Neither Sir Richard nor his wife lived long after disposing of the Adderbury estates. They are last recorded in the Hilary term of 1416 as still in possession of the manor of Hanwell — which was due to revert to Thomas Chaucer on their deaths — and Alice, who outlived her husband, was dead by September following. Many years later, in 1448, Richard Adderbury of Newbury (most likely this Sir Richard’s nephew) took advantage of the Crutched friars’ failure to respect the provisions of Sir Richard Adderbury I’s foundation at Donnington priory to seize their land at Souldern and sell it to the duke of Suffolk. Thus, all the ancestral estates of the Adderburys were finally dispersed.9

Ref Volumes: 1386-1421

Author: L. S. Woodger

Notes

  • 1. Called ‘junior’ on both returns: OR, i. 247, 252.
  • 2. Foedera ed. Rymer (Orig. edn.), vii. 595.
  • 3. VCH Berks. iv. 255, 282, 508; F.N. Macnamara, Mems. Danvers Fam. 510; CIPM, xv. 480-1; CCR, 1409-13, p. 346; CP25(1)12/76/19.
  • 4. Reg. Gaunt 1371-5, ii. 49; 1379-83, i. 613; ii. 1236; DL 29/738/12104; Rot. Gasc. et Franc. ed. Carte, ii. 136, 152, 155; P.E.L. Russell, Eng. Intervention in Spain and Portugal, 414; Scrope v.

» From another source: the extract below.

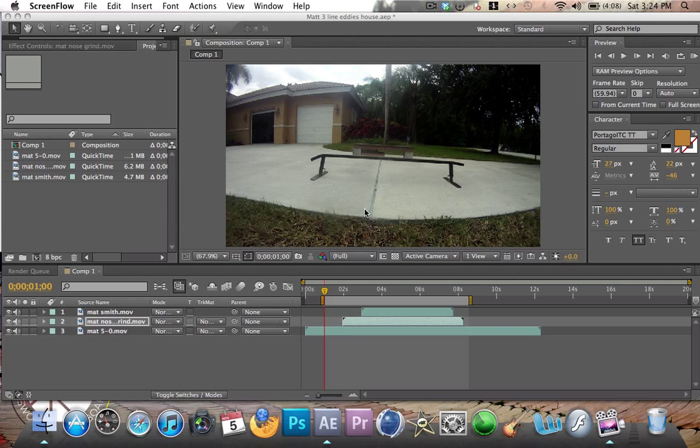Hey guys, I'm back today teaching you another tutorial on cloning, but making it a little more advanced by adding different clips instead of the same ones. This is what it's going to look like and I'll show you how to do it in just a second.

Grosvenor, i. 70; A. Colville, Gontier et Pierre Col, 26; S.K. Walker, ‘John of Gaunt and his retainers, 1361-99’ (Oxf. Univ. D.Phil. thesis, 1986), 8, 266.
  • 5. CCR, 1392-6, p. 544; E403/546, 3, 4 Dec.; Foedera, vii. 785, 805; CPR, 1391-6, p. 526; E364/30 m. Dd; Dip. Corresp. Ric. II (Cam. Soc. ser. 3, xlviii), 169; TRHS (ser. 5), xvi. 89; Walker, 65.
  • 6. Anglo-Norman Letters and Pets. ed. Legge, 75; Test. Vetusta ed. Nicolas, i. 143; DL29/738/12096; CCR, 1396-9, pp. 199, 201.
  • 7. Rot. Gasc. et Franc. ii. 182, 199, 202; CCR, 1405-9, pp. 195, 444; E28/24; E159/176 adhuc recorda Hil. rot. 16, Easter rot. 1.
  • 8. CP25(1)191/26/6-8, 22; VCH Berks. iv. 91; CPR, 1413-16, p. 273; C1/29/62-63; C.C. Brooks, Hist. Steeple Aston, 51, 68.
  • 9. CP25(1)191/26/9; S. Barfield, Thatcham, ii. 333; C139/174/46; CPR, 1446-52, p. 169 (in which Richard Adderbury of Newbury is stated to be the nephew of Sir Richard Adderbury I, but this is improbable on chronological grounds).